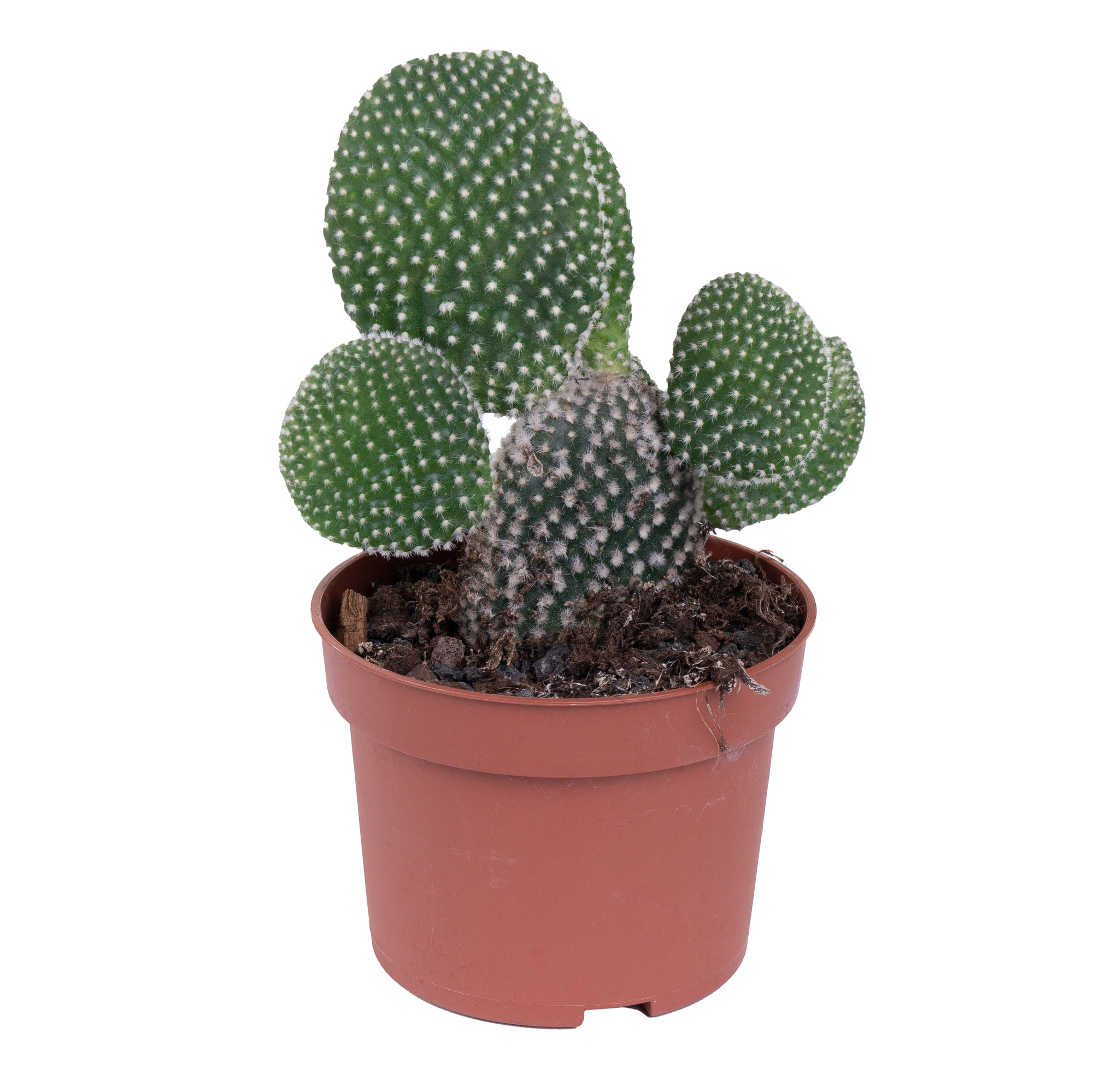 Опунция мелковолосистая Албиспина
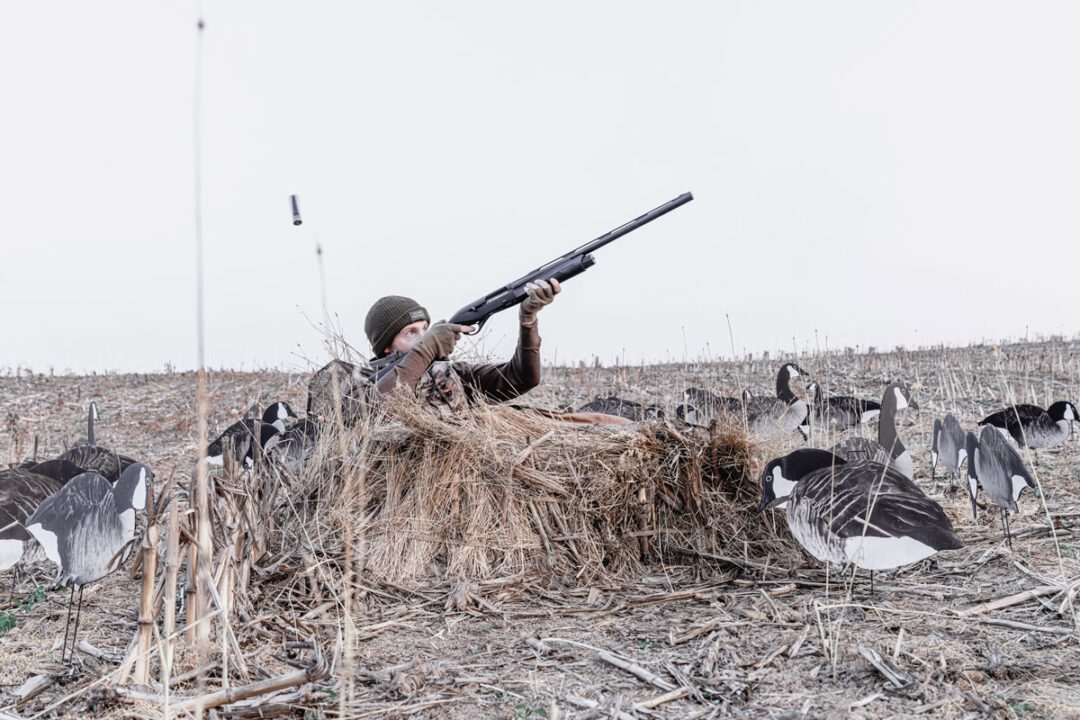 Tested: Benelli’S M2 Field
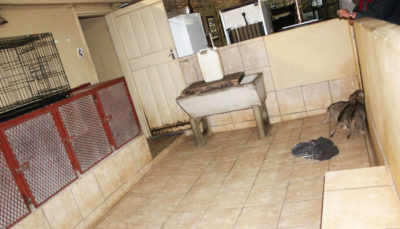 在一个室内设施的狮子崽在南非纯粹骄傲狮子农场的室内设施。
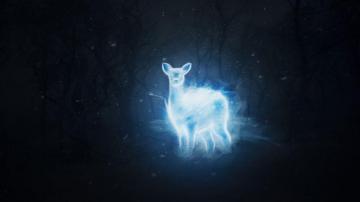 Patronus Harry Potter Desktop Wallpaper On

● WORK ORDER
Please make an exact copy of the whole listing and leave out its pictures.

● RESULT OF THE EXERCISE
 Опунция мелковолосистая Албиспина
 Tested: Benelli’S M2 Field
 在一个室内设施的狮子崽在南非纯粹骄傲狮子农场的室内设施。
 Patronus Harry Potter Desktop Wallpaper On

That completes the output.